A rendere il quadro ancora più critico è la percezione, diffusa tra molti operatori, di una rappresentanza professionale incapace di difendere realmente il valore e il ruolo degli infermieri. Una rappresentanza che, invece di rafforzare la professione, finisce per accompagnarne un progressivo ridimensionamento. La “poltrona”, si potrebbe dire, esercita un fascino tale da allontanare chi la occupa dalla realtà quotidiana dei reparti, trasformando le decisioni in meri esercizi numerici: prestazioni, indicatori, bilanci.
In questa catena di montaggio che è diventato il sistema salute, la parola d’ordine è “sostenibilità”. Un termine elegante, quasi rassicurante, che però rischia di tradursi in una compressione della qualità dell’assistenza. Perché quando il focus si sposta esclusivamente sui numeri, si perde inevitabilmente di vista ciò che dovrebbe essere centrale: il paziente, il suo benessere, la sua qualità di vita.
Nel frattempo, la dirigenza contribuisce a questo scollamento con decisioni calate dall’alto, prive di un reale processo di condivisione. Non viene spiegato il “perché” delle scelte, non si costruiscono équipe, non si alimenta il senso di appartenenza. Al contrario, si frammenta. E in un sistema già fragile, la frammentazione è un moltiplicatore di inefficienza e disagio.
Gli infermieri, intanto, sono chiamati a essere sempre più “tuttologi”: devono saper fare tutto, adattarsi a ogni contesto, coprire carenze strutturali. Ma a fronte di questa crescente complessità, lo sbocco di carriera resta pressoché nullo. Titoli universitari e competenze avanzate finiscono spesso chiusi in un cassetto, mentre il demansionamento diventa una realtà quotidiana.

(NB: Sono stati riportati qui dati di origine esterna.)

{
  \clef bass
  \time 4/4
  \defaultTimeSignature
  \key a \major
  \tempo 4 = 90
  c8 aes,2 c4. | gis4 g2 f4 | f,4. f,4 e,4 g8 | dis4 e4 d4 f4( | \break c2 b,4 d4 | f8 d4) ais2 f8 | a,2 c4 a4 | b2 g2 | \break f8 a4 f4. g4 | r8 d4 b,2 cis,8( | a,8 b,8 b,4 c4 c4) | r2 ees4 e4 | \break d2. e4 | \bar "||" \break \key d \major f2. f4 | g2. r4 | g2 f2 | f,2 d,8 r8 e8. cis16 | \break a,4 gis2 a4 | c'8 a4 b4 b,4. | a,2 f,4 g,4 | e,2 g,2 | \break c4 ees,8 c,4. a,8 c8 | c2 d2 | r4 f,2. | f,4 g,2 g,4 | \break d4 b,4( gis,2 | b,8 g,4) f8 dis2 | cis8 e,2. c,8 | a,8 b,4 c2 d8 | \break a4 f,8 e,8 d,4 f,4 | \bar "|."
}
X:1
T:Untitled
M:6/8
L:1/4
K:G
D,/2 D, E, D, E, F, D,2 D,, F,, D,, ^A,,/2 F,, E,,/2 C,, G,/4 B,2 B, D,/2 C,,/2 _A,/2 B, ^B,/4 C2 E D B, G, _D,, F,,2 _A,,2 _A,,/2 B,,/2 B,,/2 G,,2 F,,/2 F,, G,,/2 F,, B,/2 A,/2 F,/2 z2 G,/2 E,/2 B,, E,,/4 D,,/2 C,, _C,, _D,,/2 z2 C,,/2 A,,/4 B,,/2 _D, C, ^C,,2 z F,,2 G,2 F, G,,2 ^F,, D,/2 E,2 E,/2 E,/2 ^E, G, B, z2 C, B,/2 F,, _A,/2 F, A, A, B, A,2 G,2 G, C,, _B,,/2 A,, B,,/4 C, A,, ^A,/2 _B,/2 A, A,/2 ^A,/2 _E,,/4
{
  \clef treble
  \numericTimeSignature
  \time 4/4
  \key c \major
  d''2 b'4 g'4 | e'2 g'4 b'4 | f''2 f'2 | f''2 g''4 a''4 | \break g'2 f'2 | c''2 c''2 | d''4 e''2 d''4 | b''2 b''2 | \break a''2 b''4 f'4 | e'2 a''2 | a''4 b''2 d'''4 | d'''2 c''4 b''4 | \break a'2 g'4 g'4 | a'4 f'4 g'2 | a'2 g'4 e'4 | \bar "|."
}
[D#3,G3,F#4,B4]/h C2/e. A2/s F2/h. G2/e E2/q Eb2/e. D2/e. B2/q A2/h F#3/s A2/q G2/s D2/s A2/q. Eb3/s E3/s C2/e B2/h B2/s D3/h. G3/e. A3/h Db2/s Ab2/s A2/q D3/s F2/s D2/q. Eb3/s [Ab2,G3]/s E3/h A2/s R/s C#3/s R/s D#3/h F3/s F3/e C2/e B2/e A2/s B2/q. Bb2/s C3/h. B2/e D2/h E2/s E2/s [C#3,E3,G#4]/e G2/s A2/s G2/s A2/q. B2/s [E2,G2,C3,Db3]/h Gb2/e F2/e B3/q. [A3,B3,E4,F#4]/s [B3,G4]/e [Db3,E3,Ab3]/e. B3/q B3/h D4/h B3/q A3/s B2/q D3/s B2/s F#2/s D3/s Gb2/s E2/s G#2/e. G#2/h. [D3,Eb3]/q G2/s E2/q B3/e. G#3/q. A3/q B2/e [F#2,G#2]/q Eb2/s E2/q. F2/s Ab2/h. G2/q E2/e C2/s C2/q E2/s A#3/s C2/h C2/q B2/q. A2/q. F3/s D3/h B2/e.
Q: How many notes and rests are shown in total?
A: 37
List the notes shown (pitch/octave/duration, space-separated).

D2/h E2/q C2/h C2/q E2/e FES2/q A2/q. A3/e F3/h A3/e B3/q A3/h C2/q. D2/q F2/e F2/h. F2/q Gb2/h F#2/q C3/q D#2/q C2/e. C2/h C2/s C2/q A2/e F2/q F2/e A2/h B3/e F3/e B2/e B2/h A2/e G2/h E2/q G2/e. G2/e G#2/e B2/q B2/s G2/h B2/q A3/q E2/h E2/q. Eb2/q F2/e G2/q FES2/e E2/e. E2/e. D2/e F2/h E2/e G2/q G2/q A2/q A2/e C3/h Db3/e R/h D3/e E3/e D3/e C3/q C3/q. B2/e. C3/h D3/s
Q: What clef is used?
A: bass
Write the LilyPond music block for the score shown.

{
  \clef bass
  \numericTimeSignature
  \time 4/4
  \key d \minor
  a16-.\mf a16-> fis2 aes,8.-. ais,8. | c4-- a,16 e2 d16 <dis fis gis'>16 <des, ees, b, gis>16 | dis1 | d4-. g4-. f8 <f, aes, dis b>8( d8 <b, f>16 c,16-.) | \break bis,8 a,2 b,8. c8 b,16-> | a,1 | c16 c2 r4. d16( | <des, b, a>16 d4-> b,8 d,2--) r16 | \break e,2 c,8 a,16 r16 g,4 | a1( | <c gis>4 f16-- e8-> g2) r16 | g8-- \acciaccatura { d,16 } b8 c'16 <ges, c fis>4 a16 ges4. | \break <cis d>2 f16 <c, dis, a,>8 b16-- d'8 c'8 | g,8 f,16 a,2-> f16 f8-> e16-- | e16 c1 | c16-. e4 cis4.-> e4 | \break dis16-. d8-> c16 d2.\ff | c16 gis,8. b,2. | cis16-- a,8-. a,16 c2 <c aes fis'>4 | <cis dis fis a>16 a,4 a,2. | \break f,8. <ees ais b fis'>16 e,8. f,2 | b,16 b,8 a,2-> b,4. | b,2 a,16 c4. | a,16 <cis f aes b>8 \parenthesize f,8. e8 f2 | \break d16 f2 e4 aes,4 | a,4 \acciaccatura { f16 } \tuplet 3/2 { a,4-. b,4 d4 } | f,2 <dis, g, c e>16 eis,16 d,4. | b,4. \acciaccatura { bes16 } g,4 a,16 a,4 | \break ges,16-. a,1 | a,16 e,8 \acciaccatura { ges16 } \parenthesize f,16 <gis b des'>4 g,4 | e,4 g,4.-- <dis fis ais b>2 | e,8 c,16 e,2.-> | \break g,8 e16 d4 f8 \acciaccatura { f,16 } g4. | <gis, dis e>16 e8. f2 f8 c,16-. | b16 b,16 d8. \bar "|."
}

Il problema non è solo organizzativo, ma profondamente relazionale. La distanza tra chi dirige e chi lavora sul campo si è ampliata fino a diventare un vero e proprio ostacolo. Manca una leadership autentica, capace di ascoltare, coinvolgere, valorizzare. E senza leadership, qualsiasi riforma rischia di trasformarsi in un’imposizione sterile.
In questo contesto, la creazione di nuove figure professionali solleva interrogativi legittimi. Chi le sta progettando possiede davvero una conoscenza approfondita dei bisogni di salute? Quale sarà il loro impatto reale sulla qualità dell’assistenza? E soprattutto: chi si assumerà la responsabilità degli errori?
Perché il punto è anche questo. In un sistema già sotto pressione, si rischia di scaricare ulteriori responsabilità sugli infermieri, chiamati a rispondere non solo del proprio operato, ma anche di quello altrui. Una dinamica che, oltre a essere ingiusta, è potenzialmente pericolosa.
Se l’obiettivo è davvero migliorare il sistema sanitario, forse la strada non è quella di “scendere” di livello, ma di investire sulle competenze esistenti, valorizzare le professionalità, costruire percorsi di crescita e rafforzare la collaborazione tra le diverse figure.
Altrimenti, più che una riforma, ci troveremo di fronte a un cambiamento retrogrado. E a pagarne il prezzo più alto, ancora una volta, saranno gli infermieri. E i pazienti.